Les Chevaliers de l’Esprit : Césara.

I

Voici un livre qui se donne de grands airs. Il veut être tout à la fois un traité de philosophie et un roman, — une métaphysique et un drame. L’auteur, Paul Meurice, n’avait jamais montré de prétentions si hautes ; mais tout finit par pousser dans la vanité des hommes, et il arrive toujours un moment où le melon est mûr… Quoiqu’il eût romancé déjà, Paul Meurice n’est guères connu comme romancier. Mais il est très compté comme auteur dramatique, — un auteur dramatique de seconde ou de troisième catégorie, — et surtout comme un des prêtres de l’Église Hugo, de cette Église où Victor Hugo, l’archevêque, selon l’expression si comique et si vivante de Cousin, pontifie depuis plus de trente ans, sous son fameux dais historique.

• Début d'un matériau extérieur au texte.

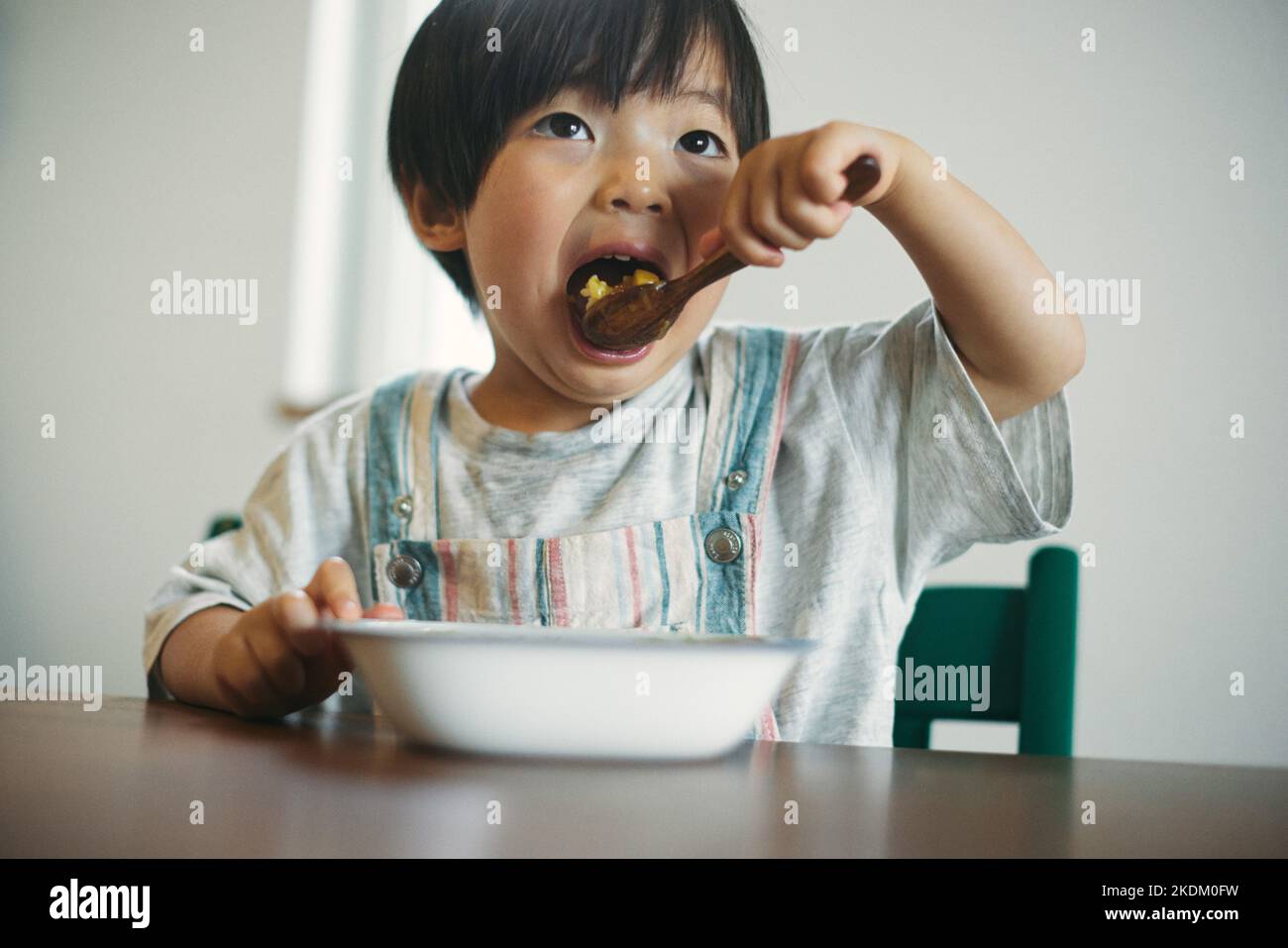 Japanese kid at eating at home Stock Photo Alamy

Paul Meurice, — qui va seul pourtant, autant que peut aller seul un homme qui s’est donné à un autre homme comme autrefois on se donnait au diable, et qui lui appartient comme un de ses plus fidèles mamelouks, — Paul Meurice est allé souvent deux. On l’a vu s’acoquiner jusqu’à la jupe de madame Sand, avec qui, je crois, il a fait Cadio et Les Messieurs de Bois-Doré. Et je dis, moi : je crois… mais le monde n’en sait rien. Cadio et Les Messieurs de Bois-Doré sont, dans l’opinion du public, de ce gros public qui fait les gros succès, uniquement de madame Sand, dont la jupe, comme un éteignoir, a couvert et éteint tout net la collaboration de Meurice, et l’a payé ainsi de son manque de fierté ; car si toute espèce de collaboration est déjà un assez humble aveu d’infériorité, la collaboration spéciale dans laquelle un homme sera toujours pris pour avoir fait la femme de l’association, est un manque absolu de fierté. Certes ! Paul Meurice n’est pas dépourvu de talent, — et je dirai tout à l’heure le talent qu’il a, — mais entre son adoration génuflexoire pour Hugo et sa collaboration avec madame Sand, son talent est assez mal placé pour produire un grand effet et pour qu’on lui rende une justice entière. Il s’est mis lui-même à la suite, et, position qui le punit de l’avoir choisie, même quand il va seul comme aujourd’hui il ne fait jamais d’autre effet que d’être un homme de derrière quelqu’un.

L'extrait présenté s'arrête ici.